> Your task: Look below for the line with "Coralie riding Buddha" and the line with "Rock Ptarmigan - ML644094028". Copy exactly those two lines and every line between, but not the pictures.

> Input:

= = =

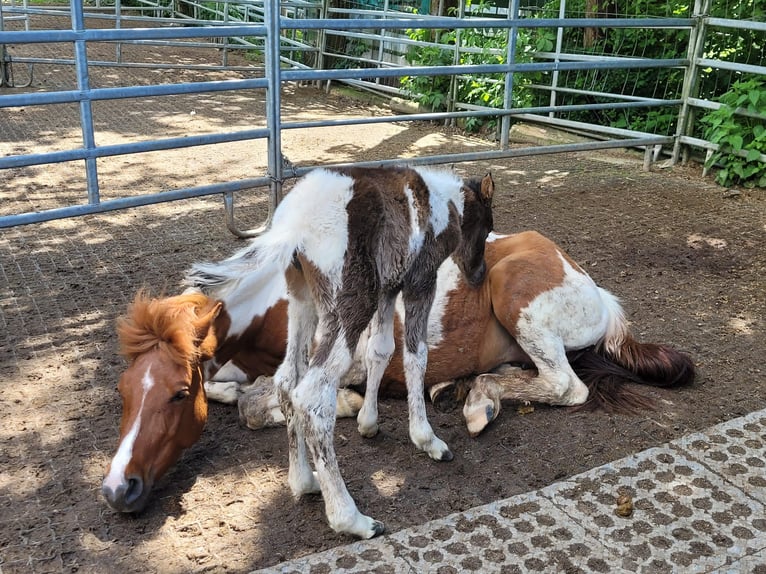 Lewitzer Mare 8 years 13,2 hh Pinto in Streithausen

= = =

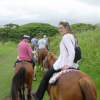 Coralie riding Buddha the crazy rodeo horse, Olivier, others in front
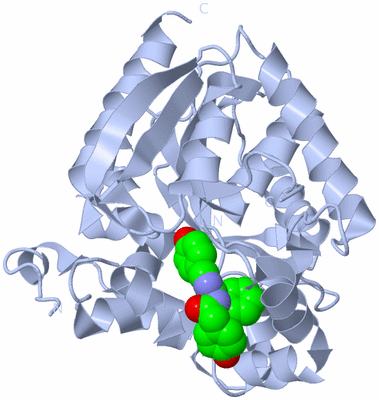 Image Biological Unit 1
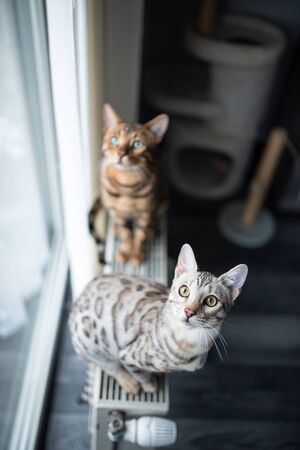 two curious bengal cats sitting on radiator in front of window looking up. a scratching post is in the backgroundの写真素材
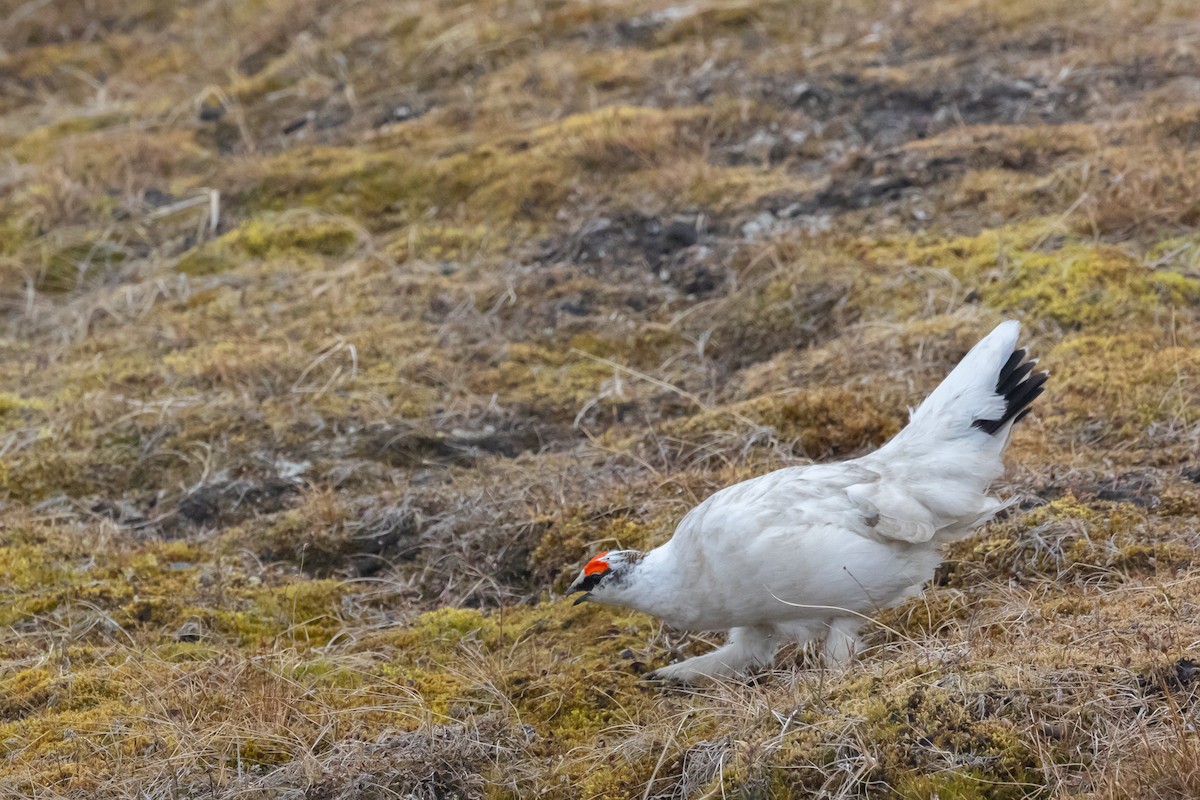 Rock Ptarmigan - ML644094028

= = =

> Response area:
 Coralie riding Buddha the crazy rodeo horse, Olivier, others in front
 Image Biological Unit 1
 two curious bengal cats sitting on radiator in front of window looking up. a scratching post is in the backgroundの写真素材
 Rock Ptarmigan - ML644094028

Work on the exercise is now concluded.